In its current condition, this query can take 2-3 minutes to run which is way too long for the audience of this reporting. Can anyone think of a way to reduce the query load or help me rewrite this to be more efficient?
Thank you!
UPDATE 2/24/2014: We solved this issue by bypassing a lot of the MDX involved and adding flag values to our named query in the DSV.
For example, instead of doing a filter command in the MDX code for "number of stores selling" - we simply added this to the fact table named query...
CASE WHEN [Sales Qty] > 0
THEN 1
ELSE NULL
END AS [Flag_Selling]
...then we simply aggregated these measures as LastNonEmpty in the cube. They roll up much faster than the full-on MDX queries.
It should be much faster to model your conditions into the cube, avoiding the slow Filter function:
If there are just a handful of conditions, add an attribute for each of them with two values, one for condition fulfilled, say "cond: yes", and one for condition not fulfilled, say "cond: no". You can define this in a view on the physical fact table, or in the DSV, or you can model it physically. These attributes can be added to the fact table directly, defining a dimension on the same table, or more cleanly as a separate dimension table referenced from the fact table. Then define your measure as
CREATE MEMBER CURRENTCUBE.[Measures].[Num Stores In-Stock]
AS COUNT(
CROSSJOIN(
DESCENDANTS(
[Product].[Item].CURRENTMEMBER,
[Product].[Item].[UPC]
),
DESCENDANTS(
[Division].[Store].CURRENTMEMBER,
[Division].[Store].[Store ID]
),
{ [Flag dim].[cond].[cond: yes] }
)
)
Possibly, you even could define the measure as a standard count measure of the fact table.

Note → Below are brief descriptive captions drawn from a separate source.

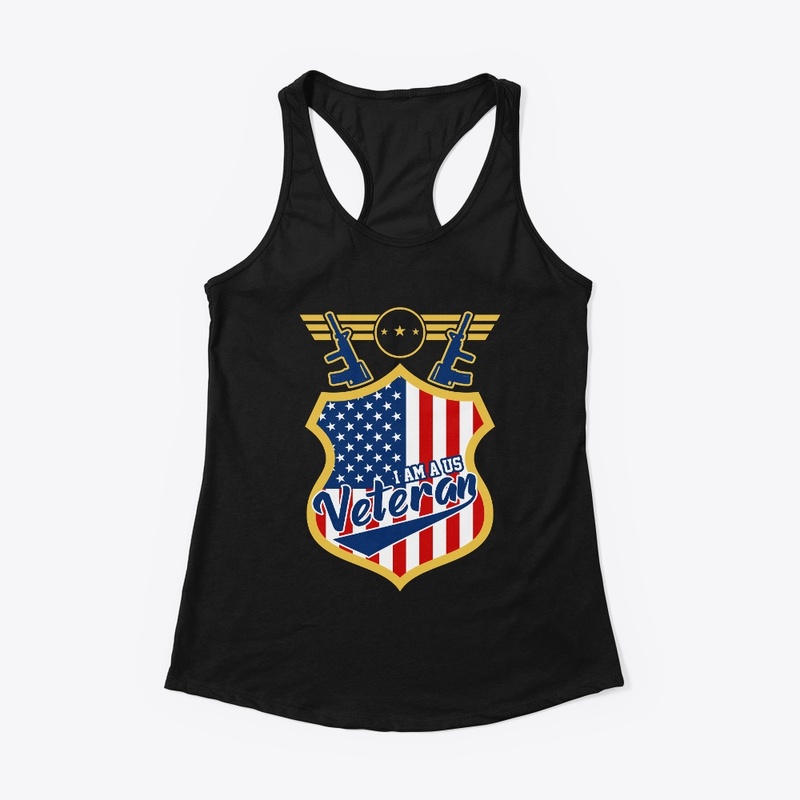 I am a US Veteran T Shirt Design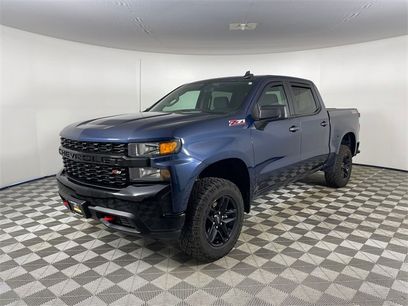Certified 2021 Chevrolet Silverado 1500 Custom Trail Boss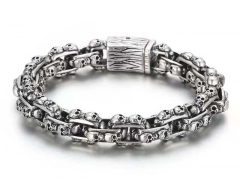HY Wholesale Bracelets Jewelry 316L Stainless Steel Bracelets Jewelry-HY0150B0727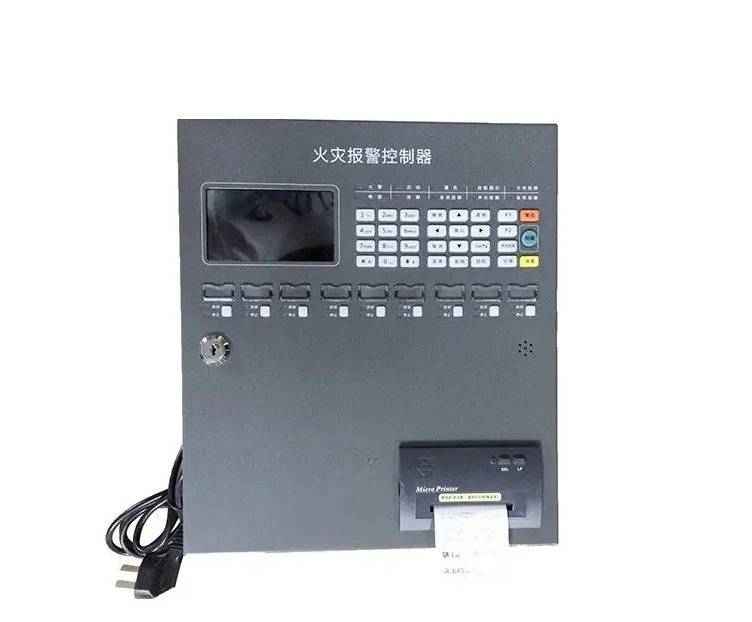 

Fire alarm controller, fire smoke alarm host system JB-QBL-MN210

In case there are many conditions, it might make sense to add just a single attribute with one value for each condition as a many-to-many relationship. This will be slightly slower, but still faster than the Filter call.
I believe you can avoid the cross join as well as filter completely. Try using this:
CREATE MEMBER CURRENTCUBE.[Measures].[Num Stores In-Stock]
AS
CASE WHEN [Product].[Item Name].CURRENTMEMBER IS [Product].[Item Name].[All]
THEN
SUM(EXISTS([Product].[Item Name].[Item Name].MEMBERS,[Business].[Business Name].CURRENTMEMBER),
COUNT(
EXISTS(
[Division].[Store].[Store].MEMBERS,
(
[Business].[Business Name].CURRENTMEMBER,
[Product].[Item Name].CURRENTMEMBER
),
"Measure Group Name"
)
))
ELSE
COUNT(
EXISTS(
[Division].[Store].[Store].MEMBERS,
(
[Business].[Business Name].CURRENTMEMBER,
[Product].[Item Name].CURRENTMEMBER
),
"Measure Group Name"
)
)
END
I tried it using a dimension in my cube and using Area-Subsidiary hierarchy.
The case statement handles the situation of viewing data at Business level. Basically, the SUM() across all members of Item Names used in CASE statement calculates values for individual Item Names and then sums up all the values. I believe this is what you needed.